The team used a HyperNetwork to devise a method that can generalise NeRFs.
When a neural network that could represent complex 3D scenes based on 2D images was first developed, it was a revolution in the field of novel view generation which are used in graphics and image-based rendering methods. Traditionally, these models or neural radiance fields (NeRFs) as they are more technically known however have their own limitations, one of them being that they can represent only one 3D scene (which is defined by a bunch of images from different angles) at a time. To represent another 3D scene, a separate neural network needs to be trained. For instance, if there are two scenes, one involving a room with furniture in it and another outdoor scene set in a garden, two different NeRFs are required. In technical terms, NeRFs do not generalise to new scenes. This problem of generalisation has since been researched and improved upon by various groups of the scientific community. At IIITH, a research team comprising Gaurav Singh, Bipasha Sen, Aditya Agarwal, and Rohith Agaram under the guidance of Prof. Madhava Krishna of the Robotics Research Centre and Prof. Srinath Sridhar of Brown University, has created a method enabling generalisation of NeRFs with the help of a HyperNetwork.

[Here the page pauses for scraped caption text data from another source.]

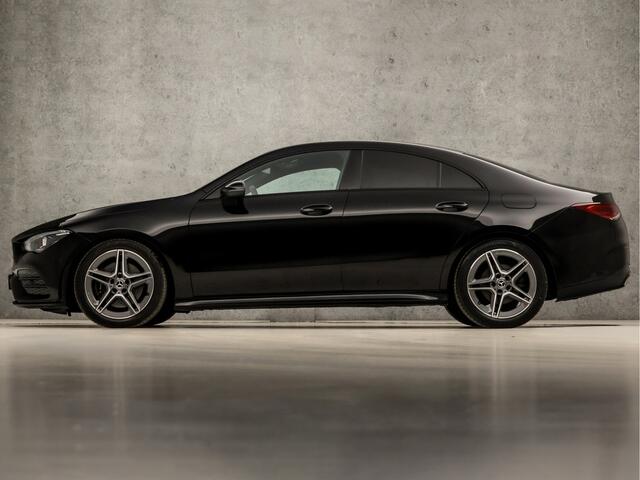 Mercedes-Benz CLA-KLASSE 200 AMG Sport 164Pk Automaat (GROOT NAVI, HEAD-UP DISPLAY, LEDER/ALCANTARA, CAMERA, SPORTSTOELEN, GETINT GLAS, WIDESCREEN, LANE ASSIST, NIEUWSTAAT)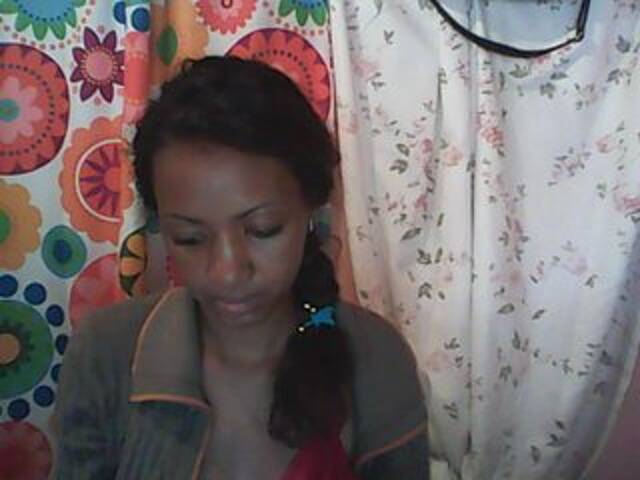 Трансляцияның скриншоттары tinychloe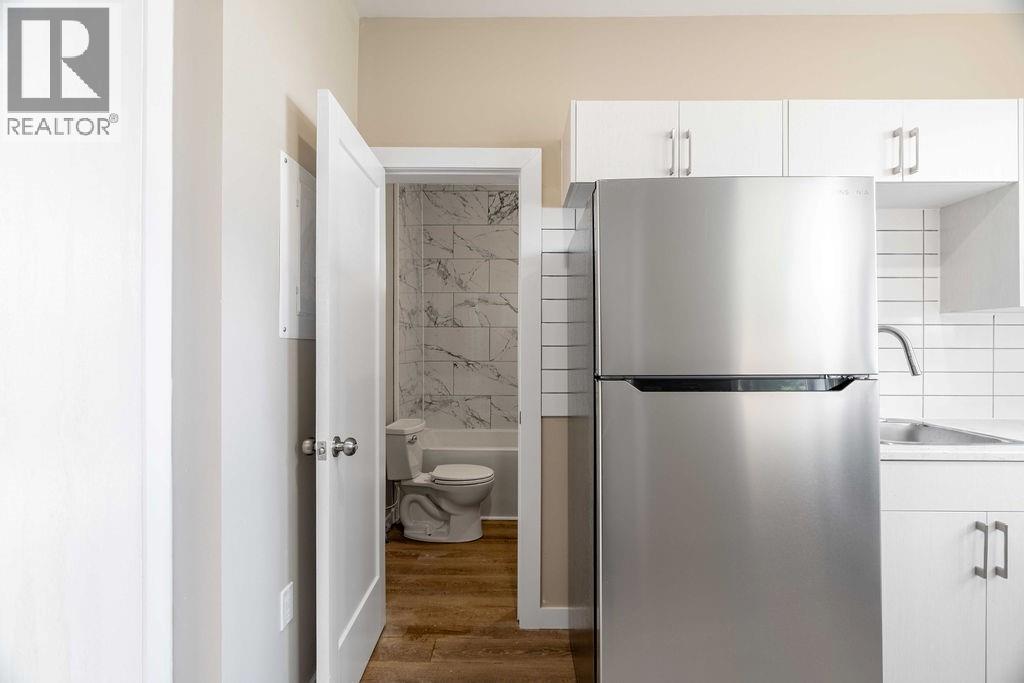 131 Margaret Avenue Unit# 2, Wallaceburg, Ontario  N8A 2A2 - Photo 6 - 26000080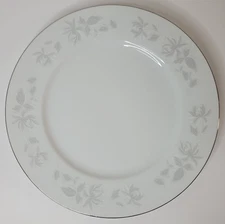 Cameo Nichibo Japan 10.5" Dinner Plate Platinum Trim Floral White Fine China
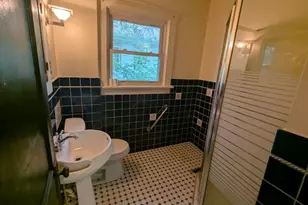 140 W Addison St, Jackson, MI 49203 - Photo 6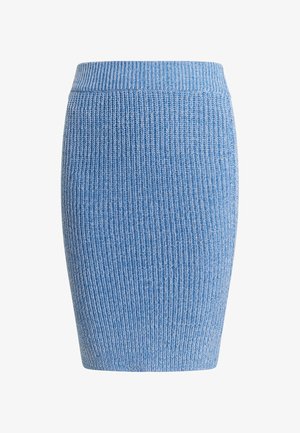 Blauer gerippter Strickrock mit figurbetonendem Design und breitem Bund, ausgestattet mit einer glatten Textur und dezentem horizontalem Streifenmuster.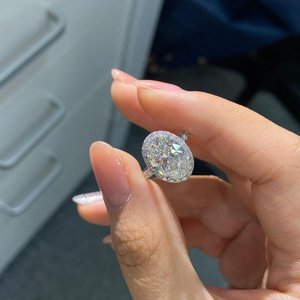 Bague ovale sertie de diamants IGI certifiés par le laboratoire (4,70 carats) - DEF VVS-VS - Product Image 3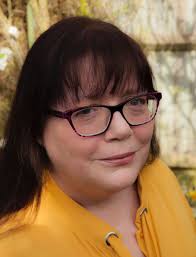 Meet Elaine Everest, Sunday Times Bestseller historical saga writer.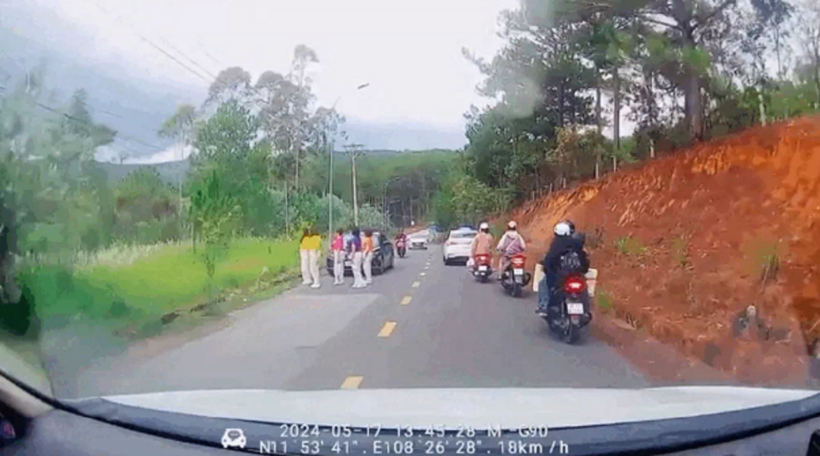 Nhóm 5 phụ nữ dừng xe giữa đường rồi bật nhạc nhảy nhót khiến giao thông qua khu vực bị cản trở (Ảnh cắt từ clip).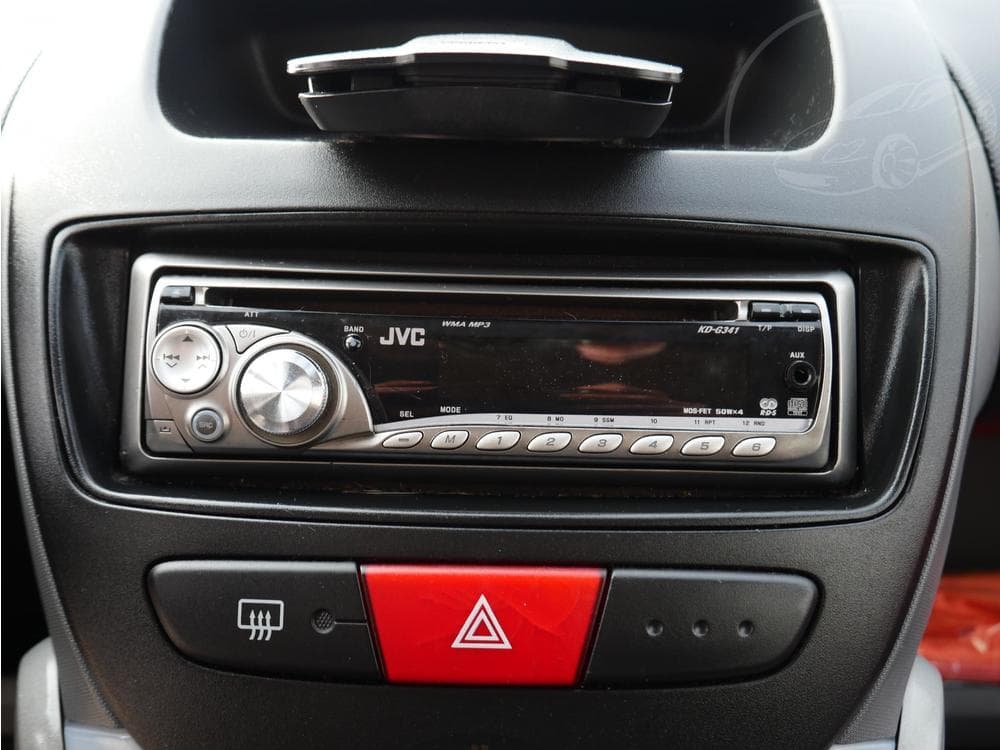 2009 Peugeot 107 - 12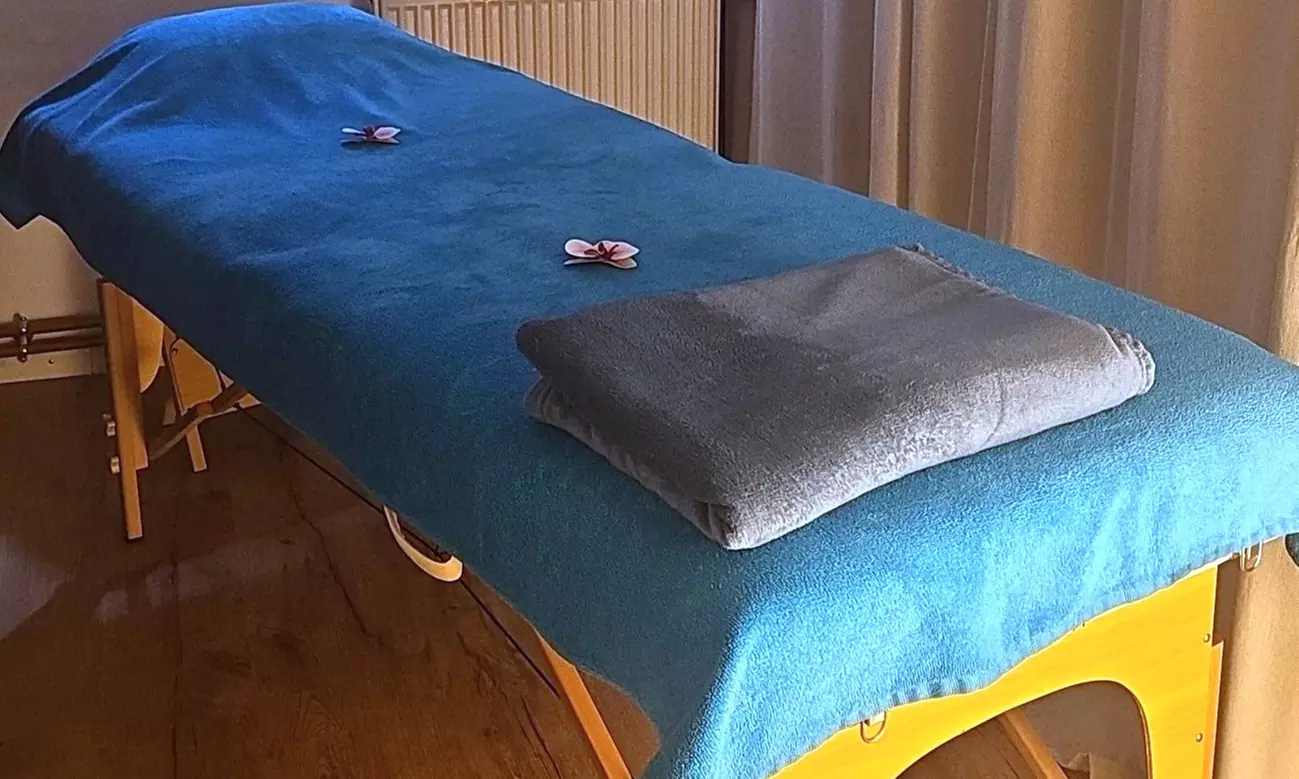 Réflexologie plantaire ou modelage californien ou du dos et du visage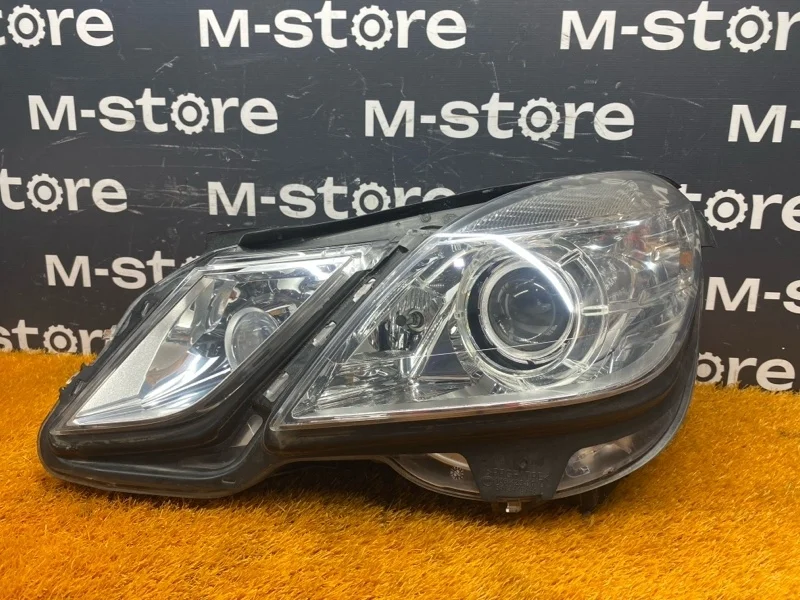 Фара Mercedes-Benz E-Class 2009 A2128204961 W212 272.952, левая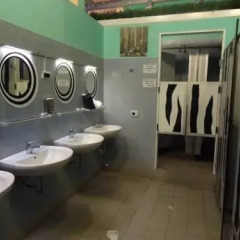 Отель Zebra Hostel Италия, Милан - отзывы, цены и фото номеров - забронировать отель Zebra Hostel онлайн ванная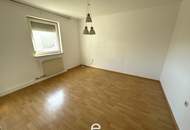 Wohnhaus mit viel Potential, Garten & Pool in Wels-Maxlheid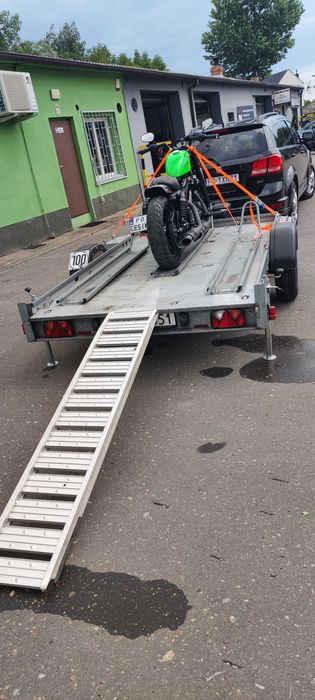 Wypożyczalnia wynajem przyczepy do przewozu motocykli. Transport moto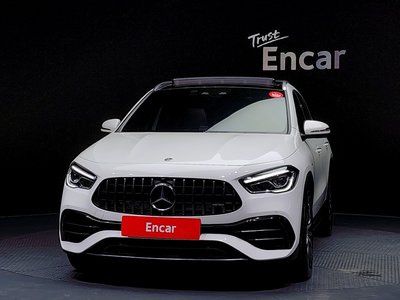 MERCEDES-BENZ GLA - 2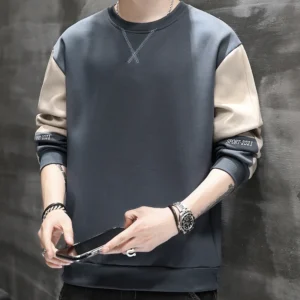 Suéter con cuello redondo.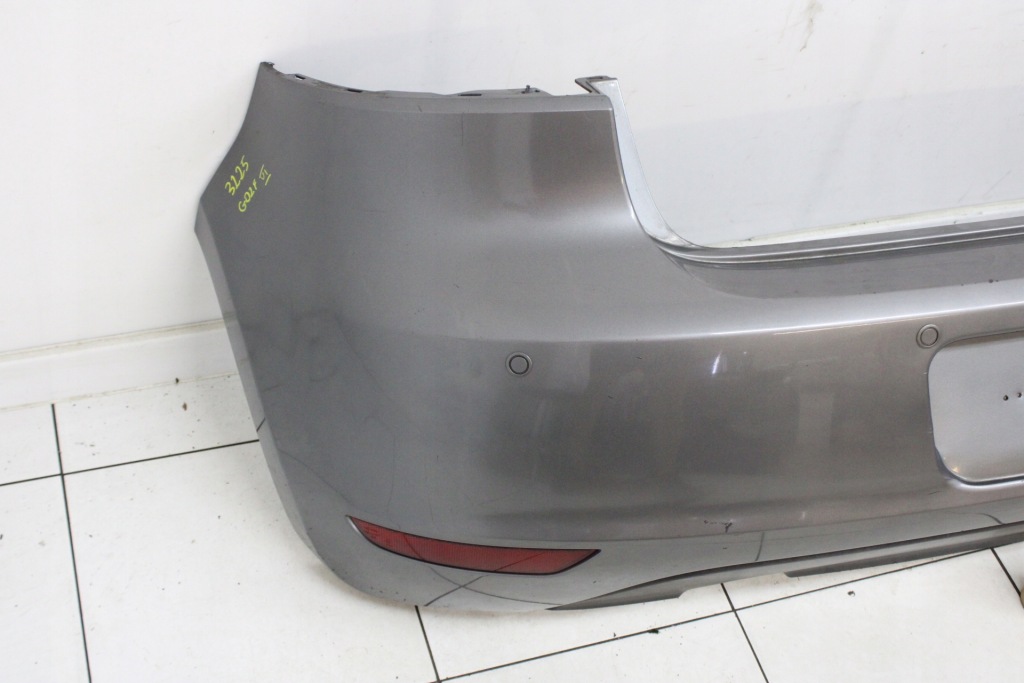фото №6, Volkswagen vw golf vi hb 2008r- бампер задняя задний la7t - код лакокрасочного покрытия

Hyp-NeRF: Trained on 3D images
Unlike images that store data exactly the way it is (in the form of raw colour values), NeRFs are more complex because they represent data as weights of a neural network. “It is not a straightforward representation space,” agrees Gaurav Singh, explaining the team’s motivation for exploring how a model could use prior knowledge about the data representation in the NeRF space. The researchers’ quest for creating a model that could create a 3D output with “as little input as possible” led to HyP-NeRF, a model trained through images of 3D objects such as chairs, sofas and cars. With an image of an unseen object or a text as an input, their model uses the learned information to render a realistic-looking image of the object from a different view. The example of an avocado chair – an unseen object in this case – has been elaborated at length on the team’s project webpage where the prompt was for a chair that looked like an avocado in shape as well as in colour. According to the researchers, the high-quality resolution of the output (even higher than the training data itself) is only possible because they operate directly in the NeRF space. “Even when the input image is an occluded one, the resulting output is a detailed and realistic one,” says Gaurav.
NeRFs are definitely getting more mainstream and gradually accessible to the general public in industries such as architecture and interior design where rendering of designs and drawings can make the experience more realistic for customers like in the realm of gaming, education (think recreating History in lifelike detail), live events, and robotics. According to Gaurav, “Future methods that learn priors over NeRFs could be used for robotic navigation. For example, if a robot equipped with a camera were to navigate itself around a chair, it can first take 2-3 images of the chair via its camera, process it into a 3D representation and then confidently move around the chair. It can reconstruct an entire 3D scene based on just 2 or 3 views.” Calling it an exciting area to be in, Prof. Madhava Krishna says, “Zero shot NeRF transfer has immense potential in Robotics, both in the context of Navigation, Grasping and Visual Servoing.” Regarding the lead student researcher Gaurav himself, Prof. Krishna remarks that his ability to understand intricate research formulations, concepts and a general sense of research awareness goes much beyond his age. “That coupled with his impressive analytical abilities and rapid coding skills makes him a researcher everyone would be eager to work with.”
The research has resulted in a paper publication titled: HyP-NeRF: Learning Improved NeRF Priors Using A HyperNetwork that will be presented at the 37th Conference on Neural Information Processing Systems 2023 at New Orleans, USA in December. It is a world-class machine learning and computational neuroscience conference that includes invited talks, demos, oral and poster presentations of papers alongside a less formal setting of workshops, and tutorials.